▶ _SUPPLIED ENTRIES_:
* * * * * * * * *

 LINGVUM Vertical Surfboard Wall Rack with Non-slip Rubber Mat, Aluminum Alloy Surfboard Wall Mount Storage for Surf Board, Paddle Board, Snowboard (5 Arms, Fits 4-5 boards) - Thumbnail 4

* * * * * * * * *

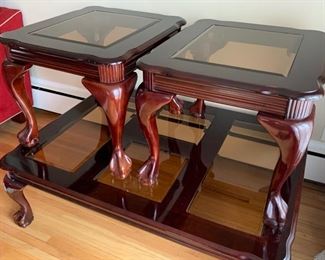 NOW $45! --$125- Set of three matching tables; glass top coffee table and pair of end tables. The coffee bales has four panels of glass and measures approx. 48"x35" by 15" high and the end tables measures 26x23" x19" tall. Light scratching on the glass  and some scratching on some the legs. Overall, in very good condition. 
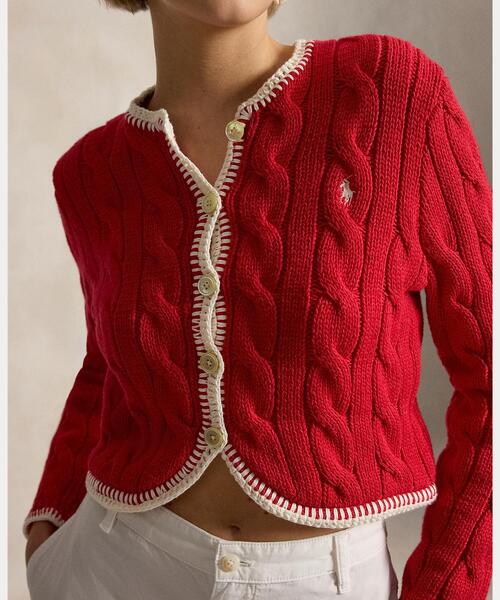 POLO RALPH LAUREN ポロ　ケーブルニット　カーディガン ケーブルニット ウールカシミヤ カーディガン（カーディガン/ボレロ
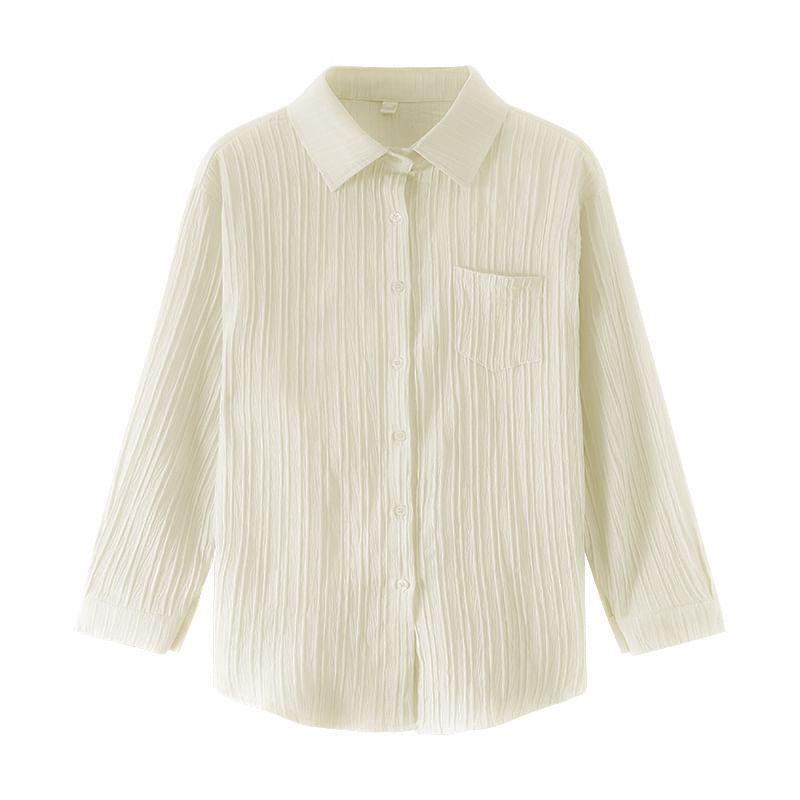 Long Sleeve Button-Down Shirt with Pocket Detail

* * * * * * * * *

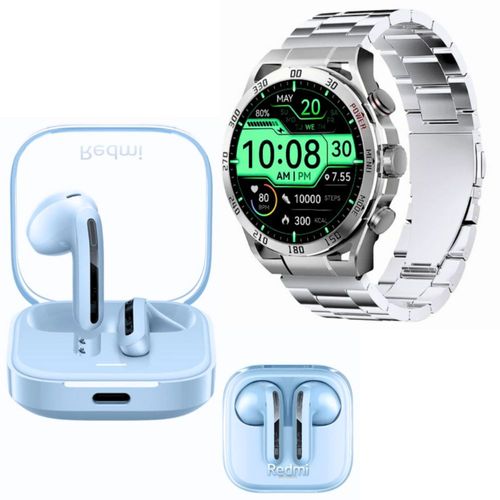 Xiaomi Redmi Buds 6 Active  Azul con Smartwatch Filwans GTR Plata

* * * * * * * * *

▶ _EXERCISE PROMPT_: Look above for the line with "NOW $45! --$125- Set" and the line with "Long Sleeve Button-Down". Give again exactly those two lines and all lines between them, pictures excluded.

▶ _EXPECTED OUTPUT_:
 NOW $45! --$125- Set of three matching tables; glass top coffee table and pair of end tables. The coffee bales has four panels of glass and measures approx. 48"x35" by 15" high and the end tables measures 26x23" x19" tall. Light scratching on the glass  and some scratching on some the legs. Overall, in very good condition. 
 POLO RALPH LAUREN ポロ　ケーブルニット　カーディガン ケーブルニット ウールカシミヤ カーディガン（カーディガン/ボレロ
 Long Sleeve Button-Down Shirt with Pocket Detail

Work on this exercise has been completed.